Curiosity leads to weariness, pleasure to indifference, enjoyment to torpor, and imitation to stagnation. So many doors of the psyche open onto this space of inertial gloom we might well conclude that it lurks not at the edge, but at the center of the human condition. Here, in this dark courtyard of the self, all action ceases, creating an ideal environment for “melancholy, dejection, despair, and self-murder.” Even love, the most outward of raptures, carries the self back to a state of internal dissolution. Suicide, it seems, is the inevitable fate awaiting anyone who takes pleasure in the world as it is.

If the self is to survive and flourish it must be aroused by an experience more vital and bracing than pleasure or enjoyment. Pleasure and enjoyment act like beauty, “relaxing the solids of the whole system.”  That system, however, must be made taut and tense. The mind must be quickened, the body exerted. Otherwise, the system will soften and atrophy, and ultimately die. What most arouses this heightened state of being is the confrontation with non-being. Life and health are pleasurable and enjoyable, and that is what is wrong with them: “they make no such impression” on the self because “we were not made to acquiesce in life and health.” Pain and danger, by contrast, are “emissaries” of death, the “king of terrors.” They are sources of the sublime, “the strongest”—most powerful, most affecting—“emotion which the mind is capable of feeling.”  Pain and danger, in other words, are generative experiences of the self.

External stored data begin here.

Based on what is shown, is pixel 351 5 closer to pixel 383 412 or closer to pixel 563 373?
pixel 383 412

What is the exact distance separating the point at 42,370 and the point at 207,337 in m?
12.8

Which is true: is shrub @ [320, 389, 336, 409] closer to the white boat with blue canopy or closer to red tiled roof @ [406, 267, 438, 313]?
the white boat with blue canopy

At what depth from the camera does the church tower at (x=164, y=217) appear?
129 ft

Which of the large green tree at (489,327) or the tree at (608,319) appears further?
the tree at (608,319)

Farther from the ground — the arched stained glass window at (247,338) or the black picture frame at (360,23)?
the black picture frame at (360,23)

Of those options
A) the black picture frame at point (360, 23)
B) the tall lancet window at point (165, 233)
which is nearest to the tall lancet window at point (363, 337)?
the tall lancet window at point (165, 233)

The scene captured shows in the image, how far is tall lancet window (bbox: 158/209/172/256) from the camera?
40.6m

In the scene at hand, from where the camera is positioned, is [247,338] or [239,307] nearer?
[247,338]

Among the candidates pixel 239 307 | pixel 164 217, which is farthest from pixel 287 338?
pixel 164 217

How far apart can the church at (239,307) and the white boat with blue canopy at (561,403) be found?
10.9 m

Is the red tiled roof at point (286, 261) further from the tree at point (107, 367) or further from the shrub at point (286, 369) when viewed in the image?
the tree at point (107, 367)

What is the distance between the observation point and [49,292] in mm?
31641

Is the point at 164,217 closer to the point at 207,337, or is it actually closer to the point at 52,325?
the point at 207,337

Pain and danger are generative because they have the contradictory effect of minimizing and maximizing our sense of self. When sensing pain or danger, our mind “is so entirely filled with its object, that it cannot entertain any other.” The “motions” of our soul “are suspended,” as harm and the fears it arouses “rush in upon the mind.” In the face of these fears, “the mind is hurried out of itself.” When we experience the sublime, we feel ourselves evacuated, overwhelmed by an external object of tremendous power and threat. Everything that gave us a sense of internal being and vitality ceases to exist. The external is all, we are nothing. God is a good example, and the ultimate expression, of the sublime: “Whilst we contemplate so vast an object, under the arm, as it were, of almighty power, and invested upon every side with omnipresence, we shrink into the minuteness of our own nature, and are, in a manner, annihilated before him.”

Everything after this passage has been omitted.